Measuring Detailed Chemical Abundances From Co-added Medium Resolution Spectra I. Tests using Milky Way dwarf spheroidal galaxies and globular clusters

TL;DR

This paper develops and tests a method for deriving detailed chemical abundances from co-added medium-resolution spectra of red giant stars, enabling studies of distant galaxies where individual spectra are too faint.

Contribution

It introduces a spectral co-addition technique for measuring metallicities and alpha-element abundances, validated with Milky Way dwarf galaxies and globular clusters, to extend detailed abundance analysis to more distant systems.

Findings

High agreement between co-added spectra and individual star measurements

Method enables abundance studies of distant galaxies like M31

Potential biases in spectral co-addition are identified and discussed

Abstract

The ability to measure metallicities and {\alpha}-element abundances in individual red giant branch (RGB) stars using medium-resolution spectra ($R \approx 6000$) is a valuable tool for deciphering the nature of Milky Way dwarf satellites and the history of the Galactic halo. Extending such studies to more distant systems like Andromeda is beyond the ability of the current generation of telescopes, but by co-adding the spectra of similar stars, we can attain the necessary signal-to-noise ratio to make detailed abundance measurements. In this paper, we present a method to determine metallicities and {\alpha}-element abundances using the co-addition of medium resolution spectra.
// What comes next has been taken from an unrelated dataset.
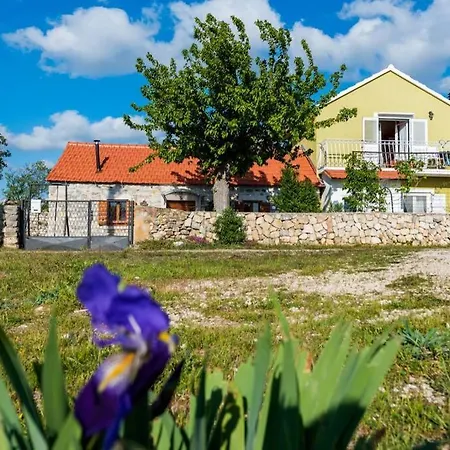 Peaceful House In Nature Nearby National Park Krka Bristane Extérieur photo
We test the method of spectral co-addition using high-S/N spectra of more than 1300 RGB stars from Milky Way globular clusters and dwarf spheroidal galaxies obtained with the Keck II telescope/DEIMOS spectrograph. We group similar stars using photometric criteria and compare the weighted ensemble average abundances ([Fe/H], [Mg/Fe], [Si/Fe], [Ca/Fe] and [Ti/Fe]) of individual stars in each group with the measurements made on the corresponding co-added spectrum. We find a high level of agreement between the two methods, which permits us to apply this co-added spectra technique to more distant RGB stars, like stars in the M31 satellite galaxies. This paper outlines our spectral co-addition and abundance measurement methodology and describes the potential biases in making these measurements.